┏━━
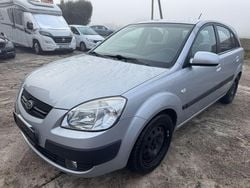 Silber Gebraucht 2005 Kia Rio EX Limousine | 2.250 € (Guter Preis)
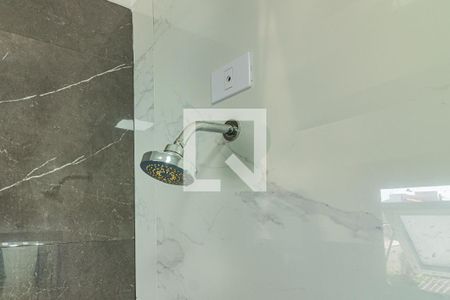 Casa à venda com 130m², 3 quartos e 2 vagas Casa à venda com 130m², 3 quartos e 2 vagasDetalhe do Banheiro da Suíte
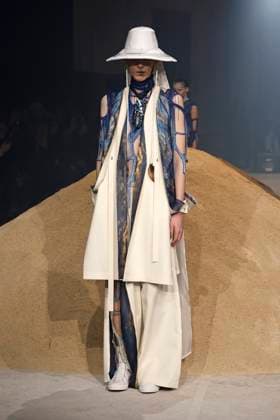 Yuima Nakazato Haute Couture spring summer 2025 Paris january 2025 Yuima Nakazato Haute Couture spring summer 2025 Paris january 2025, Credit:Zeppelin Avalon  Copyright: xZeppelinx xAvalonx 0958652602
┗━━
┏━━
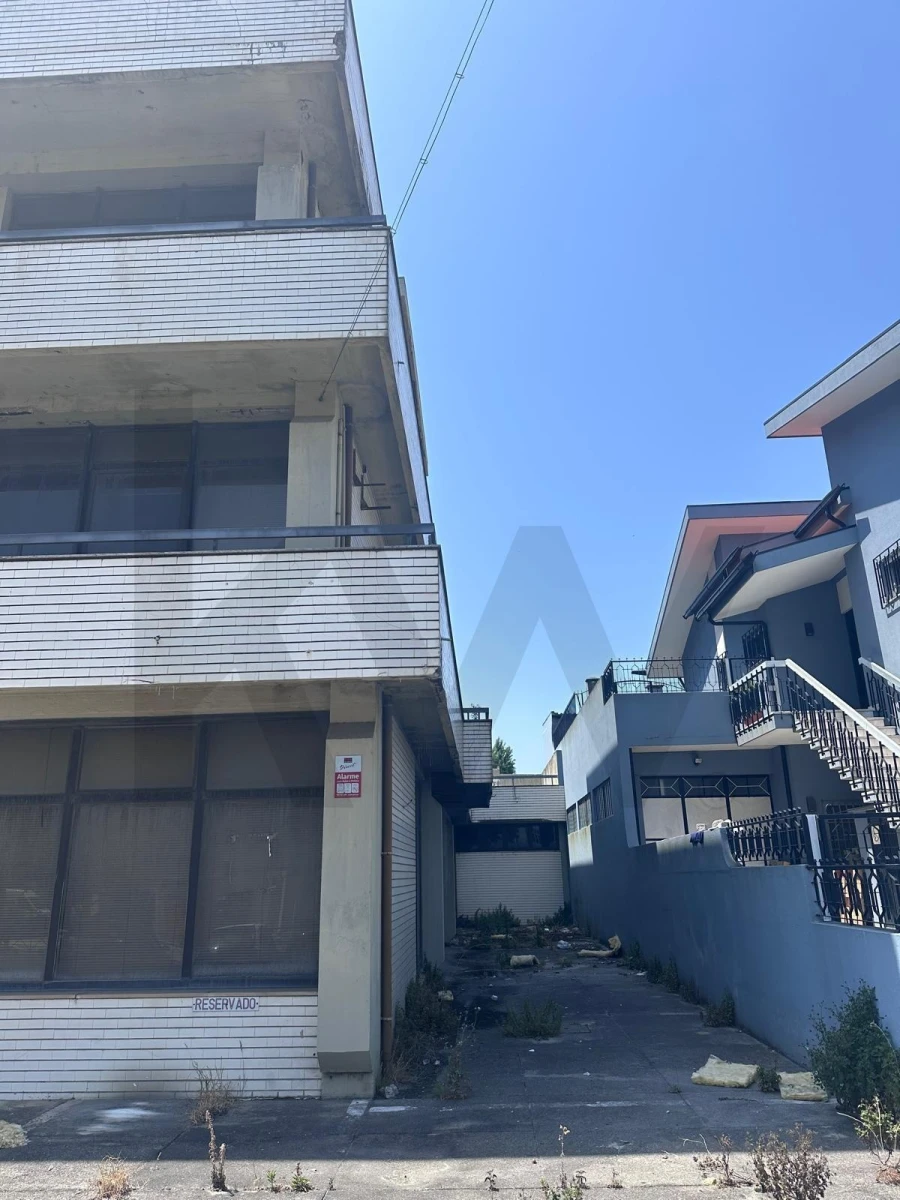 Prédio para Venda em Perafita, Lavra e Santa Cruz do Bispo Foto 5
┗━━
■ **Brief**
Restate word for word every line from the one with "Silber Gebraucht 2005" up to and including the one with "xZeppelinx xAvalonx 0958652602" in the records above, minus the pictures.

■ **Response to this task**
 Silber Gebraucht 2005 Kia Rio EX Limousine | 2.250 € (Guter Preis)
 Casa à venda com 130m², 3 quartos e 2 vagas Casa à venda com 130m², 3 quartos e 2 vagasDetalhe do Banheiro da Suíte
 Yuima Nakazato Haute Couture spring summer 2025 Paris january 2025 Yuima Nakazato Haute Couture spring summer 2025 Paris january 2025, Credit:Zeppelin Avalon  Copyright: xZeppelinx xAvalonx 0958652602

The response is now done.